---------- Data records ----------

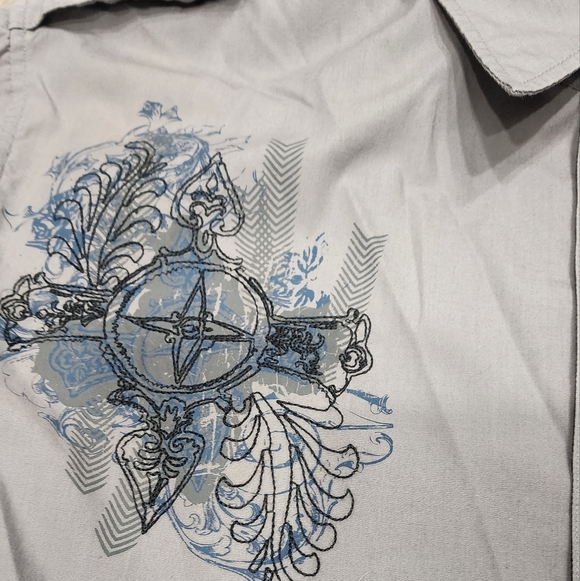 Gray Long Sleeve Shirt with Embroidered Crosses - Picture 7 of 9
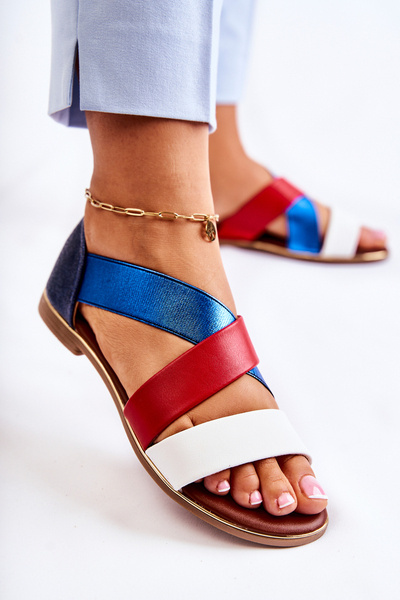 Kožené sandále s zvlnenou modrou apulia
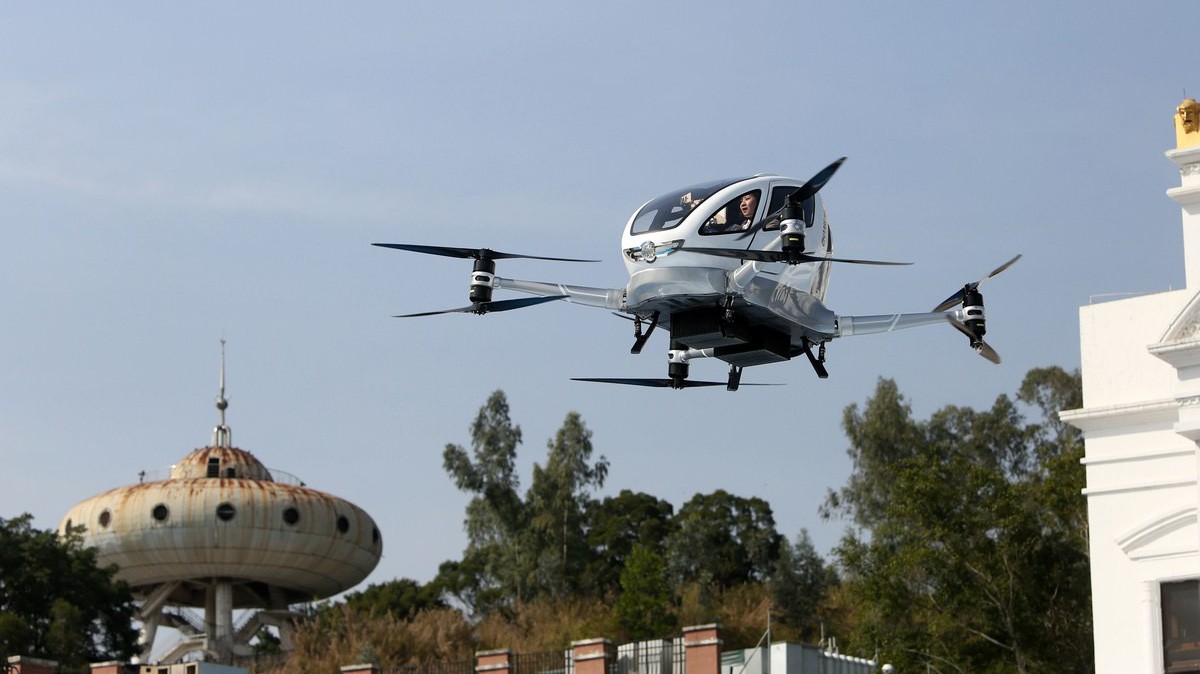 Máy báy không người lái Ehang 184 chở khách tại Quảng Châu, Trung Quốc - Ảnh: Getty Images.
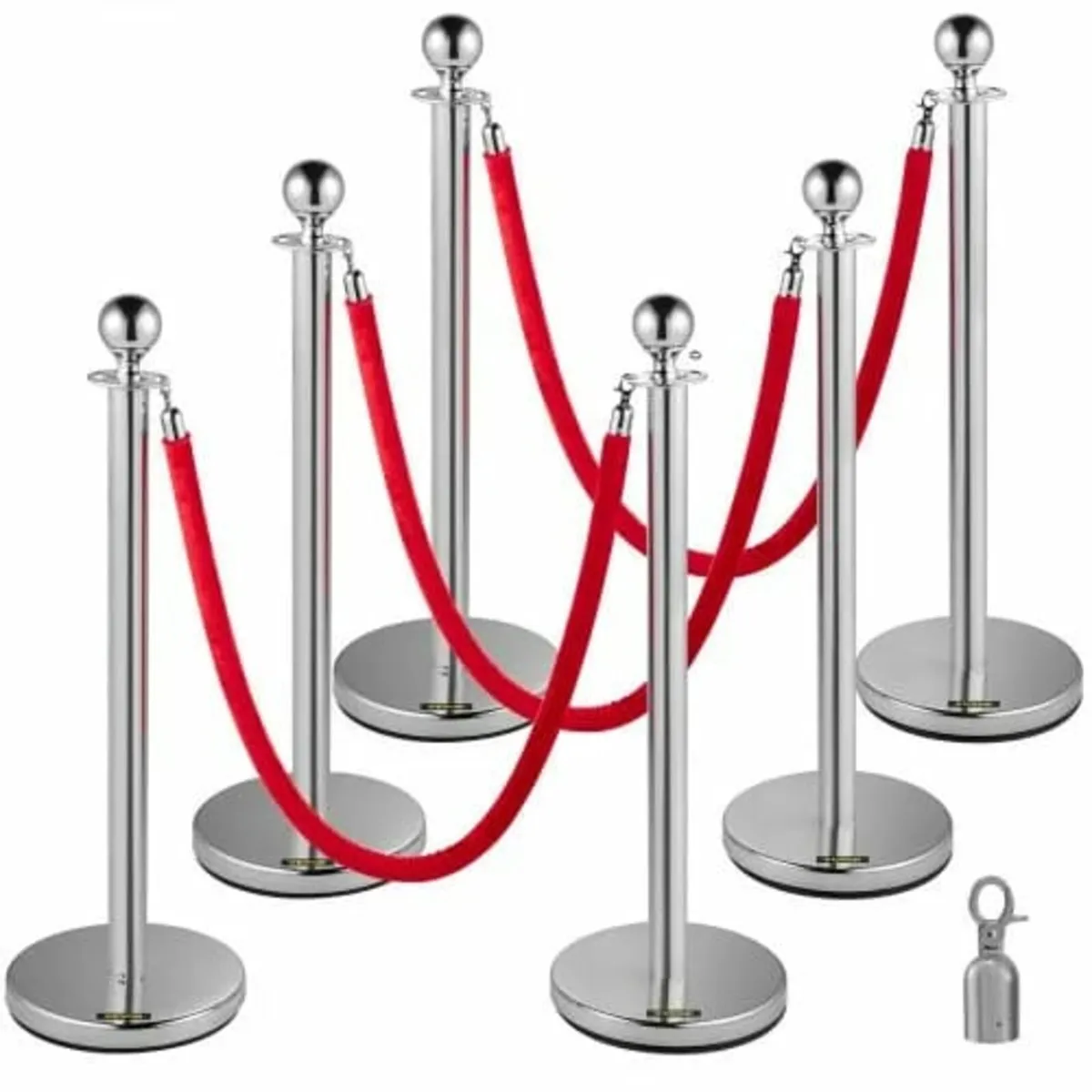 Stanchion Post with Velvet Ropes, 6-Pack Crowd Con - Image 1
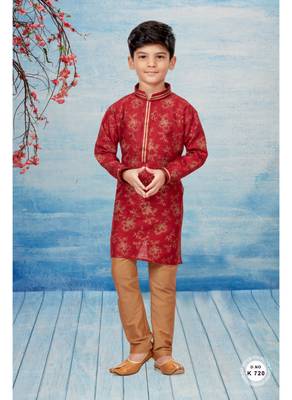 Cheekoo flower printed kurta pajama with thread work 1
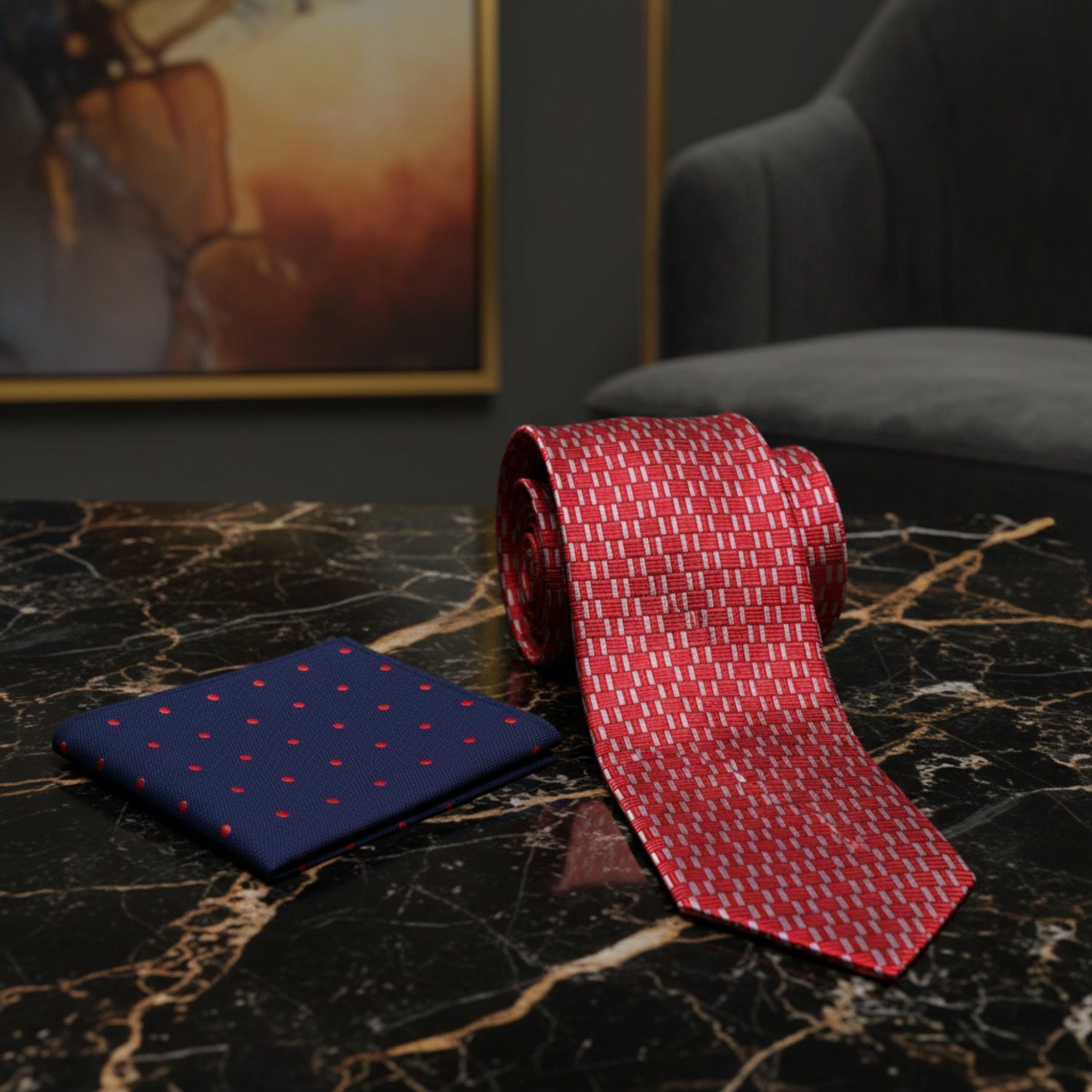 A men's necktie and pocket square set on a white background. The necktie is red with a white vertical stripe pattern, and the matching pocket square is navy blue with small red polka dots.
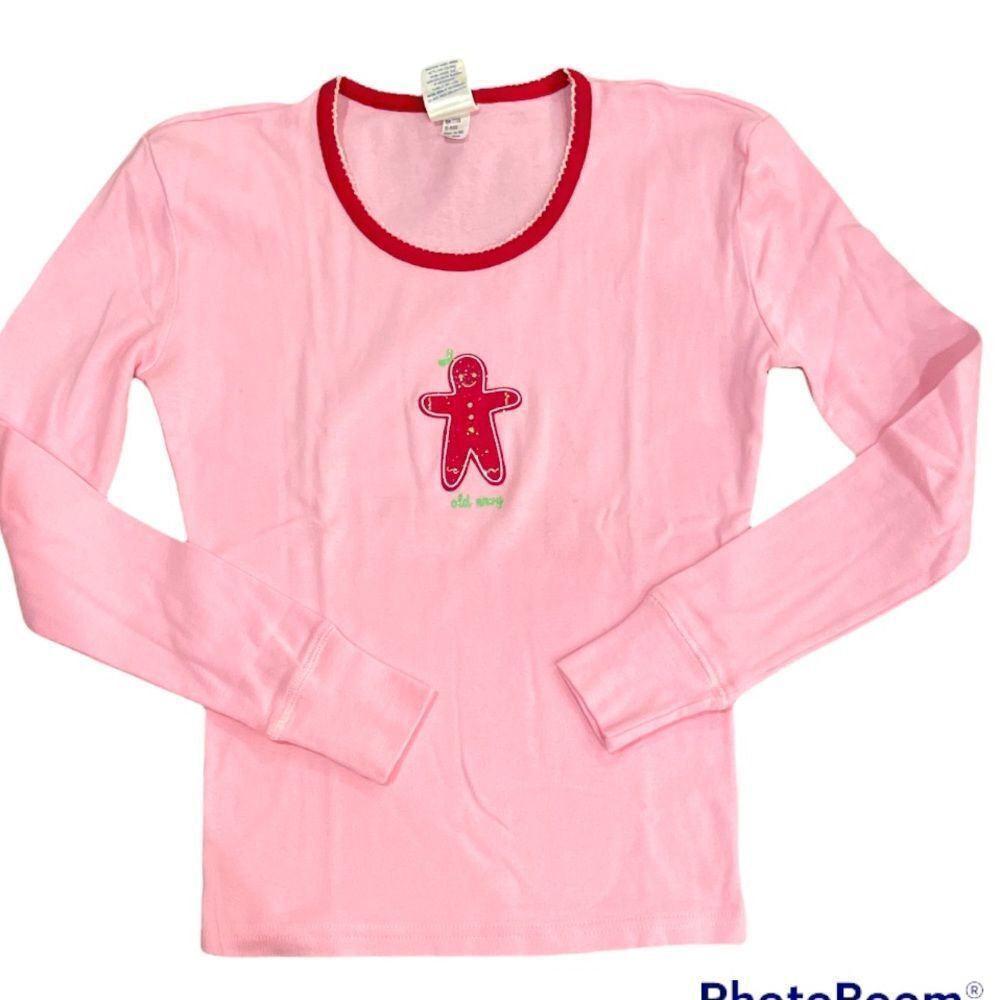 NWOT OLD NAVY Size 16 Pink Long Sleeve Tee w/Burgundy Glittered Gingerbread Man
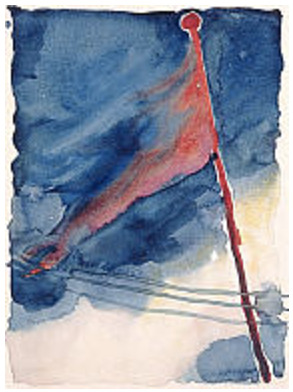 Georgia O'Keeffe, The Flag, watercolor, 1918, MAM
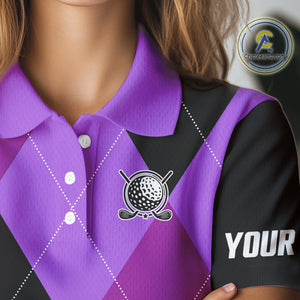 Womens golf polos shirts custom purple and black golf argyle plaid pattern, personalized golf gifts NQS10653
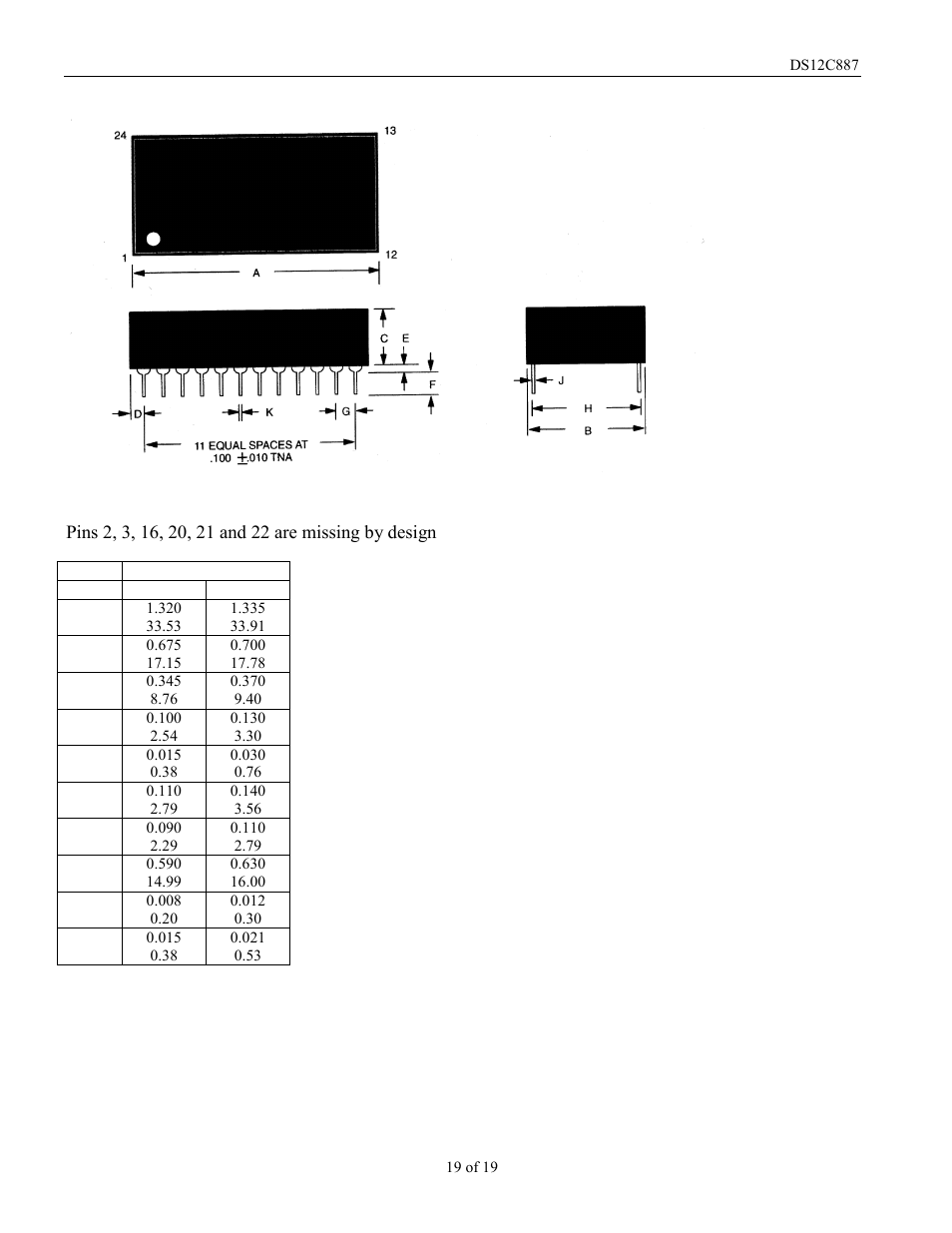 Rainbow Electronics DS12C887 User Manual | Page 19 / 19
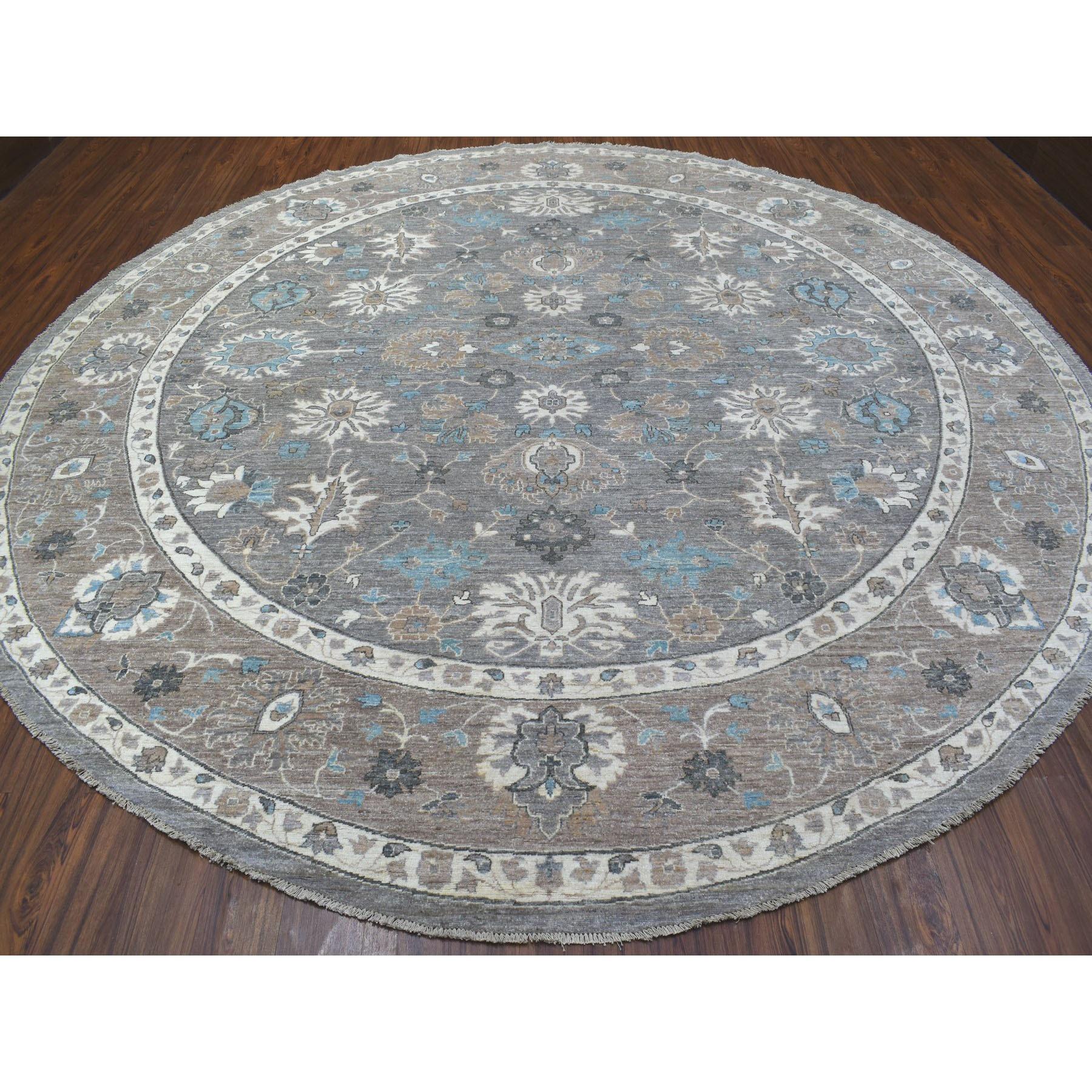 Oushak 12'x12' Silver Gray Tappeto rotondo orientale Peshawar in morbida lana annodata a mano in vendita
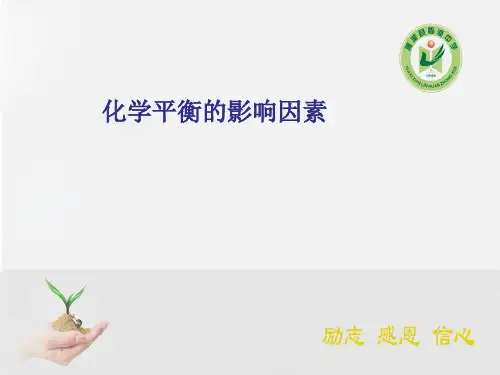 化学平衡影响因素上课PPT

----------

What you need to do.
Please give again only the lines from the one containing "NWOT OLD NAVY" through the last line of the entries above, exactly as they stand and without pictures.

Response for this exercise.
 NWOT OLD NAVY Size 16 Pink Long Sleeve Tee w/Burgundy Glittered Gingerbread Man
 Georgia O'Keeffe, The Flag, watercolor, 1918, MAM
 Womens golf polos shirts custom purple and black golf argyle plaid pattern, personalized golf gifts NQS10653
 Rainbow Electronics DS12C887 User Manual | Page 19 / 19
 Oushak 12'x12' Silver Gray Tappeto rotondo orientale Peshawar in morbida lana annodata a mano in vendita
 化学平衡影响因素上课PPT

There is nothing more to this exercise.